Task statement
All the lines below should appear again unchanged, though their pictures should not.

── Data section ──

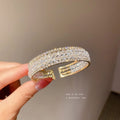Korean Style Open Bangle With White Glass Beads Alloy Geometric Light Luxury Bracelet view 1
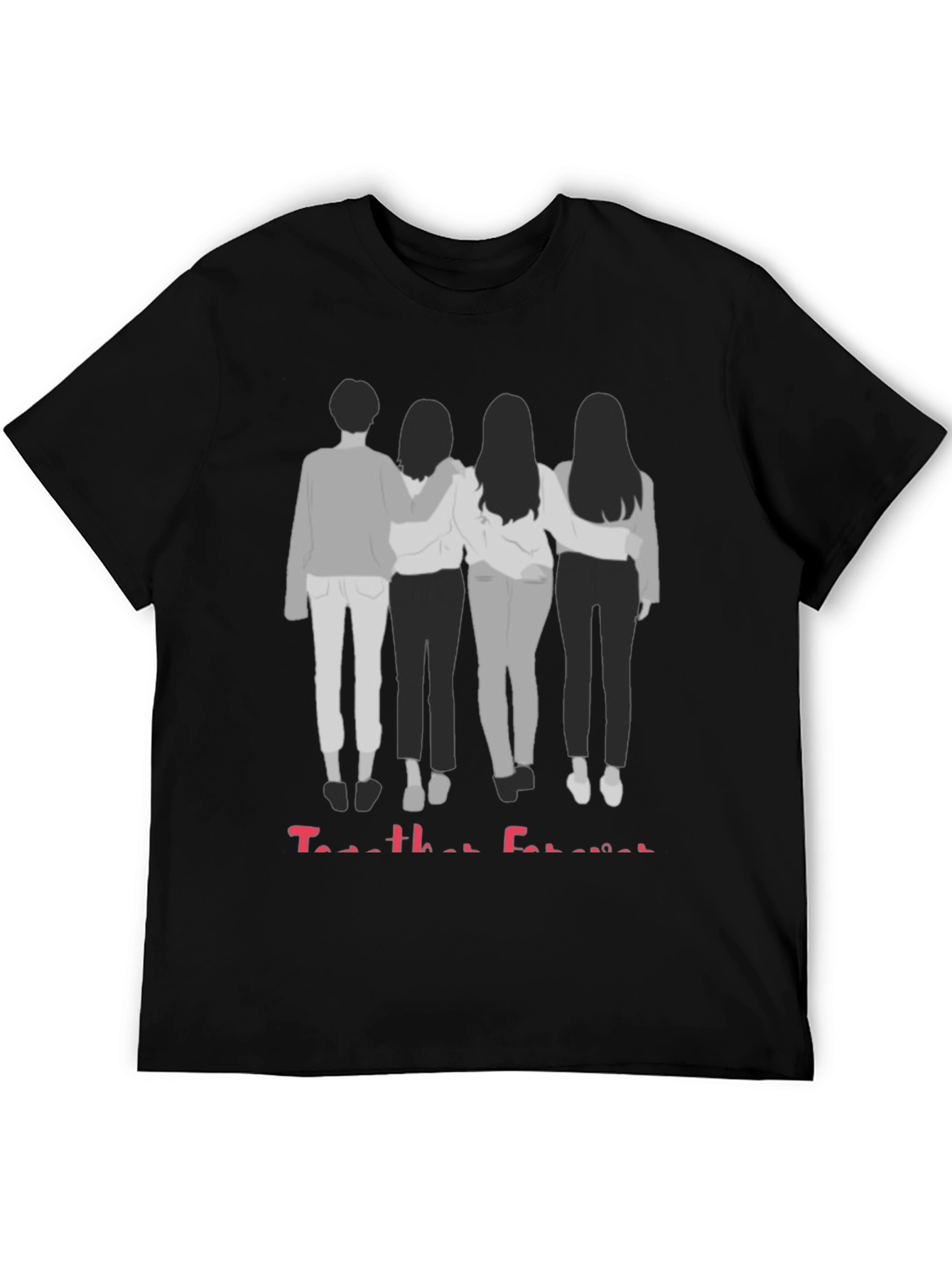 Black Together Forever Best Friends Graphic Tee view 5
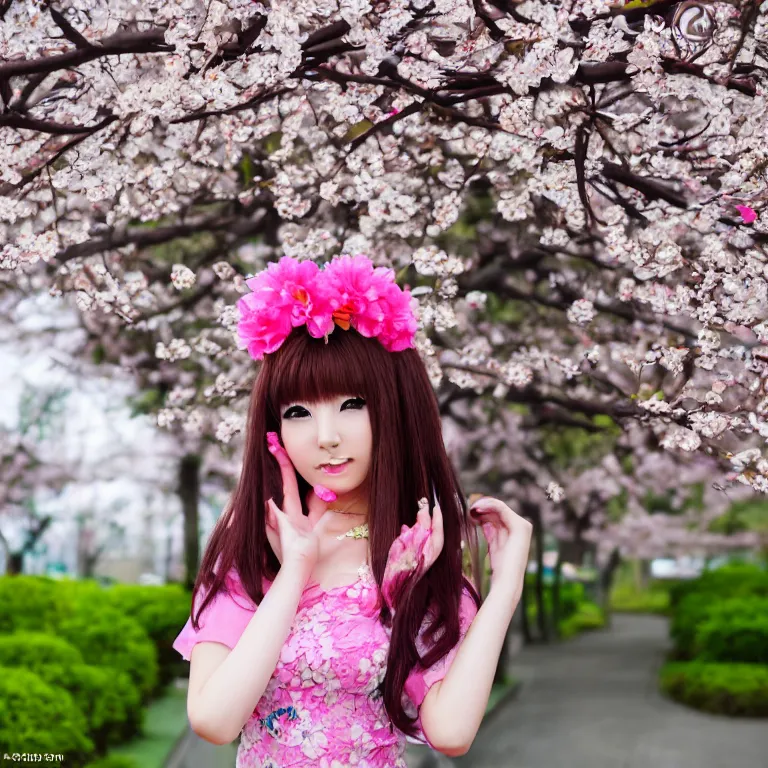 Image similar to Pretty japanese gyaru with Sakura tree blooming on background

───

Output of the exercise
Korean Style Open Bangle With White Glass Beads Alloy Geometric Light Luxury Bracelet view 1
 Black Together Forever Best Friends Graphic Tee view 5
 Image similar to Pretty japanese gyaru with Sakura tree blooming on background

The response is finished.